What I'm doing: I'm writing a small interpreter system that can parse a file, turn it into a sequence of operations, and then feed thousands of data sets into that sequence to extract some final value from each. A compiled interpreter consists of a list of pure functions that take two arguments: a data set, and an execution context.
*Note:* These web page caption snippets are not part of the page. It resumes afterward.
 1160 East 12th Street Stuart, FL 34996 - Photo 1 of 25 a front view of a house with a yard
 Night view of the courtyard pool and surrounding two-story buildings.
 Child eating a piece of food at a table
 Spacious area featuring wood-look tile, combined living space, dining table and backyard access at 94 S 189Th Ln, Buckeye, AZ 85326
Each function returns the modified execution context:
type ('data, 'context) interpreter = ('data -> 'context -> 'context) list
The compiler is essentially a tokenizer with a final token-to-instruction mapping step that uses a map description defined as follows:
type ('data, 'context) map = (string * ('data -> 'context -> 'context)) list
Typical interpreter usage looks like this:
let pocket_calc =
let map = [ "add", (fun d c -> c # add d) ;
"sub", (fun d c -> c # sub d) ;
"mul", (fun d c -> c # mul d) ]
in
Interpreter.parse map "path/to/file.txt"
let new_context = Interpreter.run pocket_calc data old_context
The problem: I'd like my pocket_calc
interpreter to work with any class that supports add
, sub
and mul
methods, and the corresponding data
type (could be integers for one context class and floating-point numbers for another).
However, pocket_calc
is defined as a value and not a function, so the type system does not make its type generic: the first time it's used, the 'data
and 'context
types are bound to the types of whatever data and context I first provide, and the interpreter becomes forever incompatible with any other data and context types.
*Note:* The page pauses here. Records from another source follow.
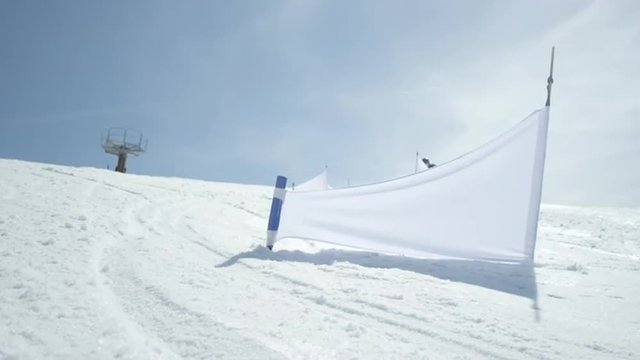 SLOW MOTION CLOSEUP: Race snowboarding riding slalom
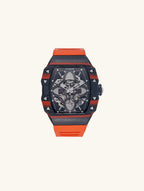 Own Your Bloom men’s skeleton automatic watch, 304 stainless steel with orange strap, angled product shot on white, New York.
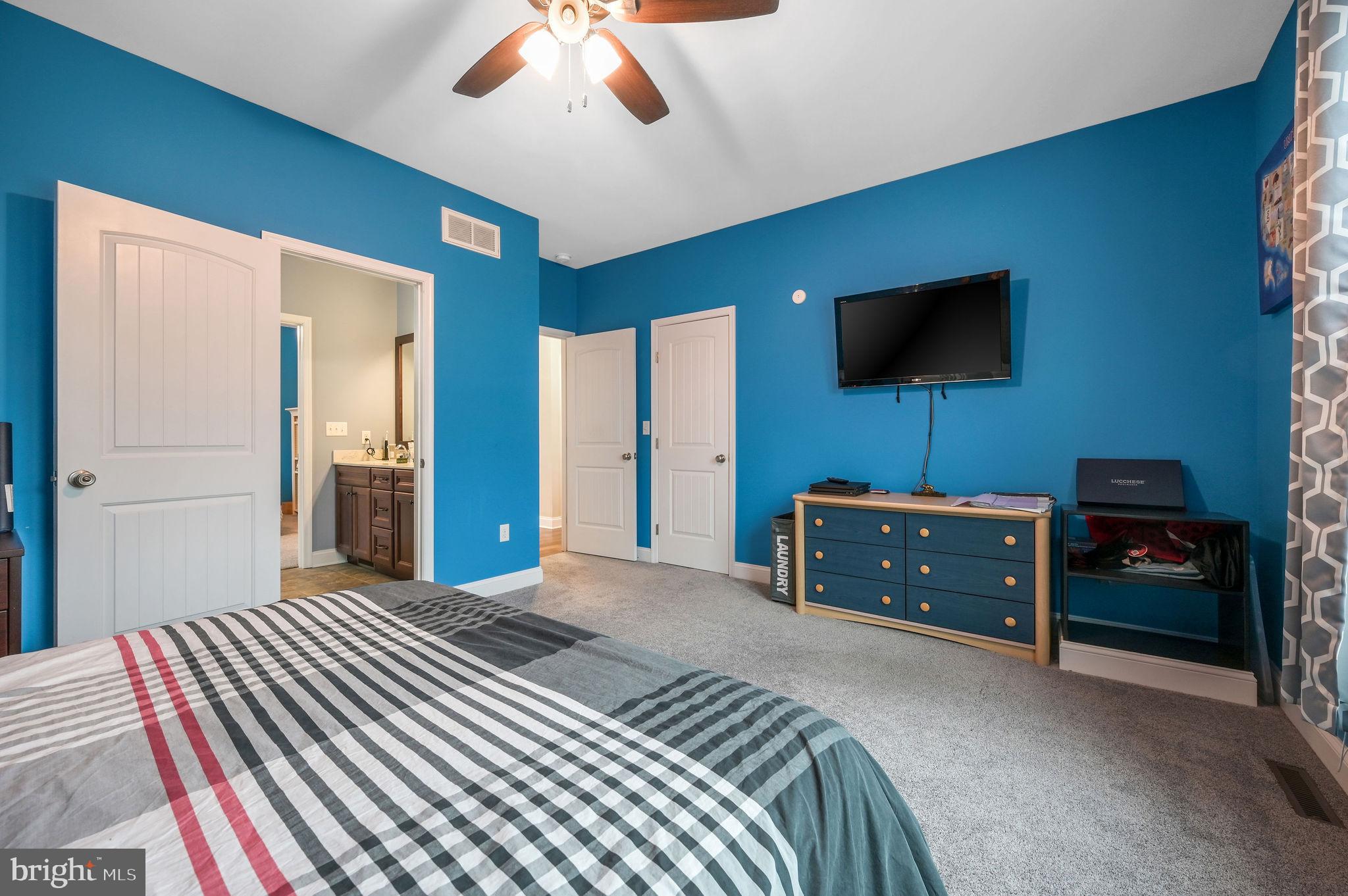 321 Blue Heron Road Dover, DE 19904 - Photo 36 of 47 a bedroom with a bed and a flat screen tv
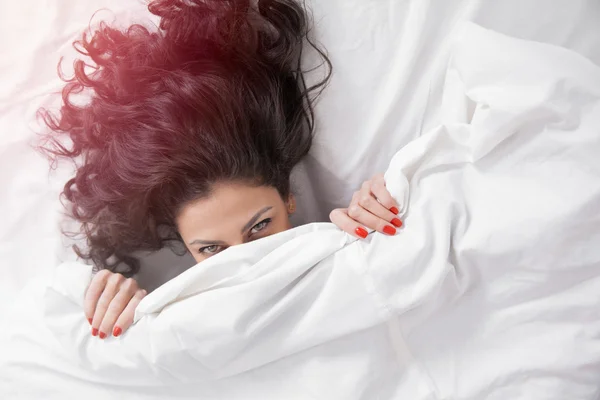 Brunette long hair woman in a bed under the duvet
A viable solution is to eta-expand the definition of the interpreter to allow its type parameters to be generic:
let pocket_calc data context =
let map = [ "add", (fun d c -> c # add d) ;
"sub", (fun d c -> c # sub d) ;
"mul", (fun d c -> c # mul d) ]
in
let interpreter = Interpreter.parse map "path/to/file.txt" in
Interpreter.run interpreter data context
However, this solution is unacceptable for several reasons:
It re-compiles the interpreter every time it's called, which significantly degrades performance. Even the mapping step (turning a token list into a interpreter using the map list) causes a noticeable slowdown.
My design relies on all interpreters being loaded at initialization time, because the compiler issues warnings whenever a token in the loaded file does not match a line in the map list, and I want to see all those warnings when the software launches (not when individual interpreters are eventually run).
I sometimes want to reuse a given map list in several interpreters, whether on its own or by prepending additional instructions (for instance,
"div"
).
The questions: is there any way to make the type parametric other than eta-expansion? Maybe some clever trick involving module signatures or inheritance? If that's impossible, is there any way to alleviate the three issues I have mentioned above in order to make eta-expansion an acceptable solution? Thank you!